Course Website: datajourn.com
Ripple Plastic is a virtual reality experience I created in conjunction with award-winning photographer Mandy Barker and the Stanford Journalism Program. The interactive exploration highlights the growing plastic pollution in the world’s oceans by juxtaposing plastic debris Barker photographed on beaches with a guided narration.
I coded the experience using the A-Frame Web.VR framework (source code). Steps involved include 1) mapping 2D photoshop layers into 3D objects using a customly designed Blender pipeline, 2) creating a layout algorithm to place objects randomly on a sphere using a combination of Perlin noise and Poisson-disc sampling, 3) coordinating production with fellow journalism students, and 4) composing custom theme music for the experience. I wrote a blog post about the process. The experience premiered at the Our Plastic Ocean exhibition at Impressions Gallery, England in 2019.
Inferactive is an interactive data tool for finding insights and inferences I made as part of my master’s thesis. The entirely web-based platform features a four-step analysis and discovery flow: 1) upload CSV data or select an example dataset, 2) refine by selecting columns to include/exclude from a table/detail view, 3) view statistics and one-dimensional charts for each data column, and 4) discover insights and trends in the data by viewing a shuffleable assortment of auto-generated plots correlating two data columns.
The project is written in Svelte and geared for frontend performance and the ability to handle large datasets.
“Sounds” is an interactive sound wave primer I wrote for fun in 2018. This online computational essay guides readers through the basics of sound wave theory. Part 2 delves into more experimental sound functions and 8-bit chiptunes.
“Auto-complete for music composition.” Tapcompose is a web app I built as part of a Stanford course that lets anyone write sheet music, bar by bar, with auto-generated suggestions. The web app features dynamic sheet music generation and a synced playback bar, with sounds generated using the Web Audio API in-browser. Source code. YouTube demo.
AudioSet is a static website I designed at Google to showcase an ontology of sound events and collection of over 2 million manually annotated YouTube clips. The website presents all the YouTube clip thumbnails, dynamically requesting more as the user scrolls using JSONP. I used Closure Templates to build reusable components for static pages. I also contributed to the paper behind the website, which was presented at the 2017 IEEE International Conference on Acoustics, Speech and Signal Processing (ICASSP) in New Orleans.

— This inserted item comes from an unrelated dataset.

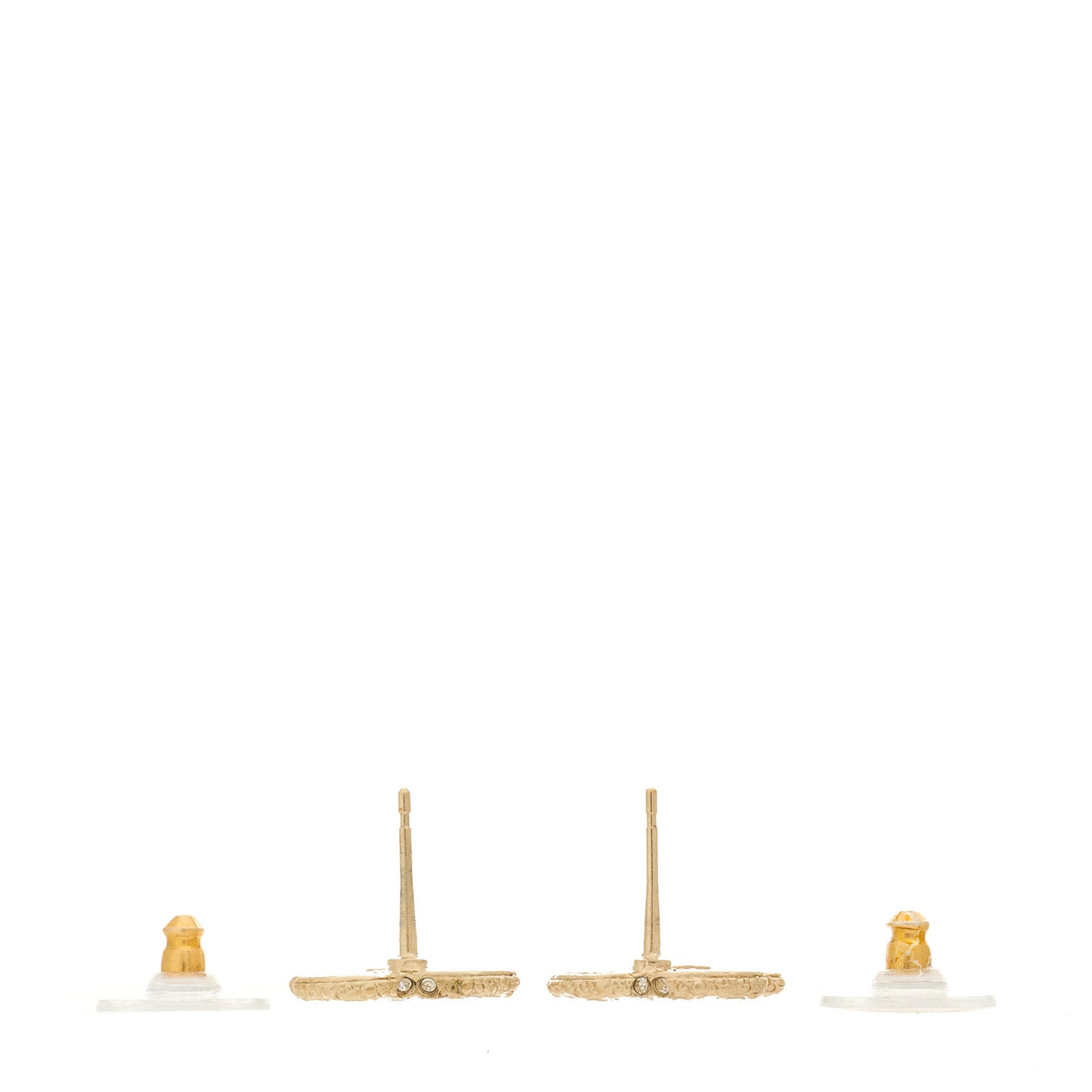 Metal Graduated Pearl Crystal CC Earrings Light Gold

Sonority is an interactive visualization of the harmonic similarity between all the Beatles’ songs. I built the graphic using D3.js. Using a custom Python processing script, I statically generated thousands of audio clips representing the most aligned excerpt of each pair of songs. This work was part of my undergraduate thesis which I presented at the 2015 International Society for Music Information Retrieval (ISMIR) conference in Malaga, Spain.
For this report, I interviewed record-holder Michael Granville, whose 1996 race performance at the semifinals of the California State Meet has yet to be matched. Beyond his running performance, the video explores his relationship with his father who coached him and unearths never-before-uploaded footage of the actual race. The video features original music I composed in high school when I was an 800m athlete.
In recent years, residents of the Santa Cruz mountains have organized social media communities on Facebook to share trail camera footage of their wooded backyards. The shared media reveals just how prevalent, and elusive, mountain lions are in the bay area. I interviewed leaders of the social media groups and produced a video report and article.
An article I co-authored with Jackie Botts on the impact of the 2017 “Wine Country” fires on undocumented immigrants. The article got picked up by PRI’s The World and features a written component and video report.